Козимо велел Галилею письменно изложить свои взгляды. Тот охотно согласился написать о баталиях с перипатетиками небольшую работу в виде послания к великому герцогу, но опять заболел. Тогда Козимо предложил ему временно поселиться на одной из окрестных вилл.
Стоял золотой октябрь. Прозрачный воздух был напоен ароматами осени. Ласкали глаз живописные холмы. Друзья не забывали Галилея. Время от времени Антонио Медичи, живший неподалеку в охотничьем замке, присылал ему часть трофеев: дичь или кабаний окорок. Это радовало лишь как знак внимания. Галилей сидел на строжайшей диете. К мучительной ломоте суставов и болям в груди прибавились жестокие рези в почках. Снова возобновилась затяжная бессонница. Он не строил из себя героя, жаловался друзьям на немощь, на приступы меланхолии, на вялость мысли, вызванную недугами и бессонницей. Тем не менее за это время, признавался Галилей, он все-таки, хотя и с трудом, кое-что сделал.

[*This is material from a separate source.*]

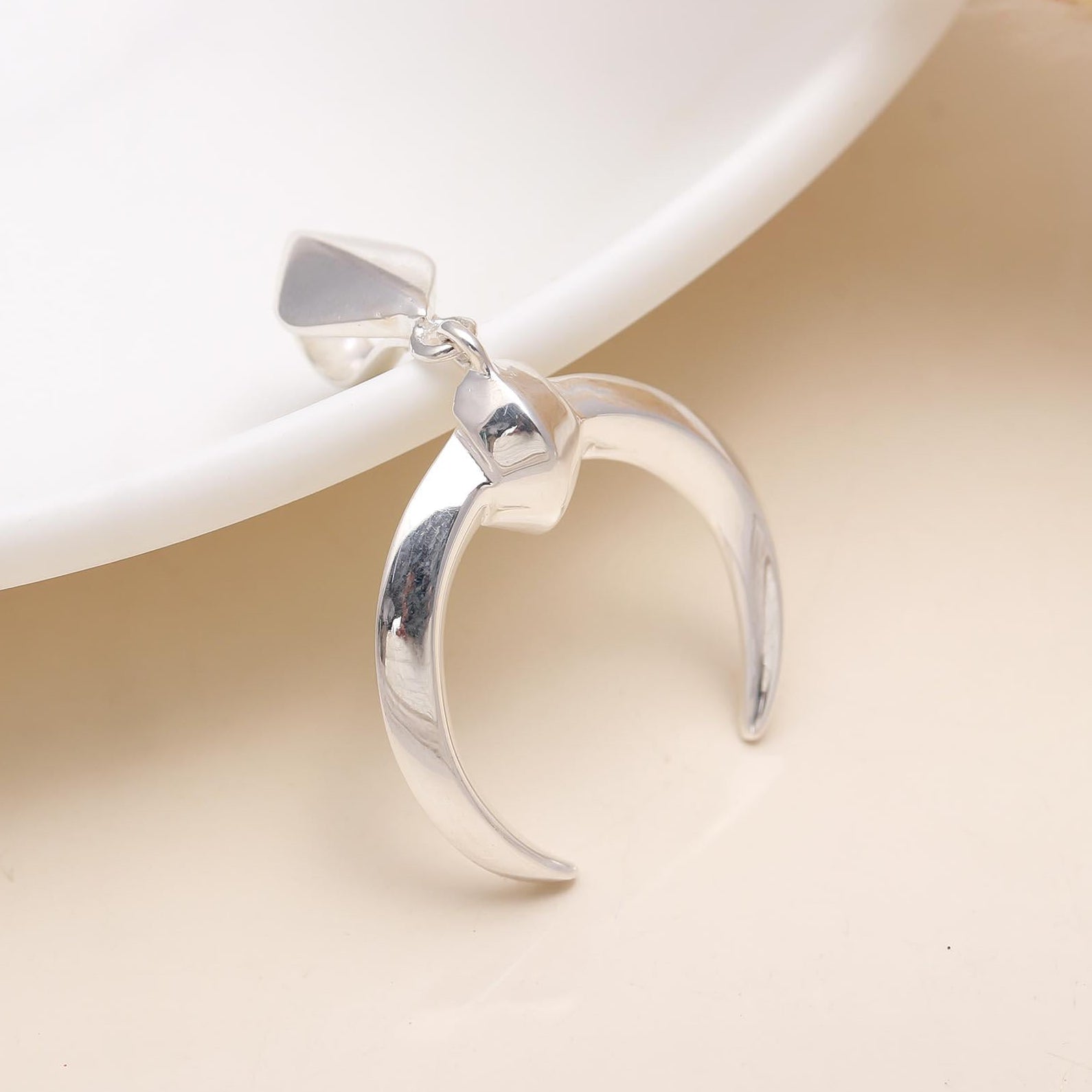 A crescent-shaped 925 sterling silver pendant on a delicate multilayered chain, placed near a white plate on a beige surface.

Кое-что! Два с лишним месяца его мучили многочисленные болезни, а когда он вернулся во Флоренцию, то привез с собой почти завершенную рукопись целой книги. От первоначального варианта послания к Козимо мало что осталось. Трактат был написан заново — «Рассуждение о телах, пребывающих в воде, и о тех, которые в ней движутся».

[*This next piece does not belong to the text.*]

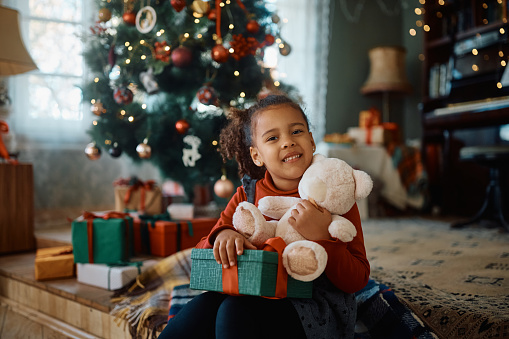 Portrait of smiling African American little girl with teddy bear and gift box on Christmas looking at camera.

Кардинально новым в его подходе к этим вопросам было применение в гидростатике принципа возможных перемещений. Галилей создал собственную, в духе Архимеда, методику исследования и, ставя опыты, обнаружил не только большую изобретательность, но и редкостное умение наблюдать. Экспериментальный метод решительно побивал схоластов, привыкших смотреть на мир сквозь частокол цитат.
Такой осведомленности приходилось только удивляться! Лодовико Чиголи, известный флорентийский художник, работавший в Риме, близкий его друг, казалось, знал все. Здесь у него, Галилея, под носом происходили события, о которых он и не слышал, в то время как Чиголи был о них прекрасно осведомлен! Вся эта лига схоластов, разъяренная неудачами, помышляла теперь не о подрыве его научной репутации, а о сведении счетов наиболее действенным образом — его хотят обвинить в опасном образе мыслей, дабы предоставить решение спора отцам инквизиторам! Они лишь ищут способ, как понадежней нанести удар.

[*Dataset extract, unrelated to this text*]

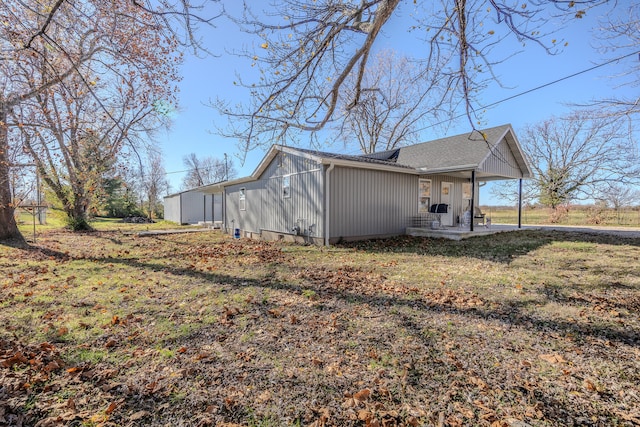 view of side of home featuring a lawn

«Один из моих друзей, — писал Чиголи, — священник, человек глубоко порядочный и весьма преданный вашей милости, рассказал мне, что известная вам шайка злопыхателей и завистников вашей доблести и заслуг собиралась в доме архиепископа и держала совет. Они, словно взбесившись, изыскивали возможность обвинить вас в защите мысли о движении Земли или в чем-либо ином. Один из них обратился с просьбой к проповеднику, дабы он с кафедры заявил, что ваша милость высказывает диковинные вещи. Но тот, распознав их коварство, ответил как подобало доброму христианину и священнослужителю. Я пишу сейчас об этом, чтобы раскрыть вам глаза на то, сколь велика ненависть и злонамеренность этих отпетых негодяев. Это с их стороны исходили смехотворные и невежественные писания, поэтому вы должны примерно знать, кто эти люди».
Да, он знал их. Но что с того? Как он может им противодействовать? Один проповедник отказался выступать против него с церковной кафедры, но разве не найдут другого, если это всерьез захочет сам архиепископ Флоренции или кто-либо из его влиятельных приспешников?